The voting Sunday morning appeared quite active not only in Simferopol, the regional capital, and Sevastopol, where Russia has long leased facilities to base its Black Sea fleet, but in rural areas as well.

A majority of residents in the region, which was part of Russia until 1954, speak Russian and are expected to support the move toward eventual annexation by  Russia, one of the two options on the ballot. The other option would call for staying part of Ukraine but with expanded autonomy.

Russian songs blasted over loudspeakers placed at the entrance of a polling station in a small town of Perevalne, about 16 miles south of Simferopol, as  voters carrying umbrellas against a sudden wet snowstorm arrived to cast their ballots.
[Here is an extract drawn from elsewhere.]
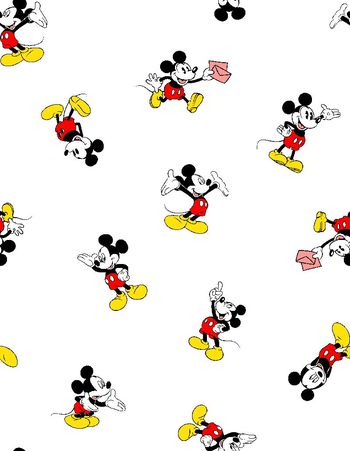 416287-可爱系列多色米奇老鼠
Some voters saw the referendum as a chance to reverse Crimea's inclusion in  Ukraine, which gained its independence with the collapse of the Soviet Union in 1991.

"I have been looking forward to this moment for the last 23 years and now my dream is finally coming true," Yelena Gavysheva, a 59-year-old pensioner told The Times. "Now we will reunite with our real motherland and our salaries and pensions will grow among other things."

"I am sick and tired of the constant government changes in Kiev and I don't want the political violence to come here," said Natalia Lapyrina, 30, a primary school psychologist. "Russia will certainly protect us from fascist radicals coming here from [Ukraine's] west."

Moscow cited political turmoil in Kiev, the Ukrainian capital, as justification for largely seizing control of the peninsula. Ukraine's pro-Russia president, Viktor Yanukovich, fled the country last month after three months of protests against his government, and Russia has insisted that the country's new rulers are not legitimate.

Some of Crimea's residents oppose what has been widely seen as the inevitable result of the referendum, and many of them boycotted the balloting.

Crimean Tatars, who still remember their forceful deportation and exile by Josef Stalin in 1944, mostly stayed home.

"We have all agreed to boycott the referendum as we want to go on living in Ukraine, where human rights and freedoms are much more respected than in Russia," Memet Eminov, a 46-year-old ethnic Crimean Tatar and a bus driver, told The Times in his home in Perevalne. "We realize that most likely Russia will grab Crimea now and we can only pray that there's no war."

Not far from his home and about 300 yards from the polling station, Russian armored vehicles and soldiers wearing masks and holding guns were still surrounding a Ukraine army unit which continued to reject Russian demands to surrender weapons and leave the unit's territory.


The Russian military, it appeared, had other plans than to pack and go home after the referendum, a Russian soldier who gave his name only as Sergei implied.

"This is not the end," he said. "What about [Ukraine eastern regional centers] Kharkiv, Donetsk, and what about Kiev? We can't leave them to fascists."

Sergei explained that he and his comrades were wearing white bands on their arms after receiving a warning that Ukrainian troops might dress in the same uniforms and attack their positions.

In the meantime, on the Black Sea coast near the resort city of Feodosia, Russian soldiers besieging a Ukraine marine base were observed setting up about 40 anti-tank mines around the perimeter of the unit, said Alexei Mazepa, Ukraine Defense Ministry's spokesman.

"As of Monday when they announce the results of the referendum, Crimea's new authorities and the Russian military will consider our army and navy units they are blocking now an alien armed contingent and may step up their pressure all the way up to direct armed attacks," Mazepa said.

Ukraine acting President Olexandr Turchinov called Crimean referendum "a provocation by the Kremlin" which violates Ukraine's Constitution.

"It false from beginning to end and its results will not reflect the real moods in the autonomy," Turchinov said in a statement posted on the president's official website Sunday. "We must understand that its results have already been painted in the Kremlin, which at least needs some grounds to official deploy troops in our lands and begin a war which will destroy human fates and the economic prospects of Crimea."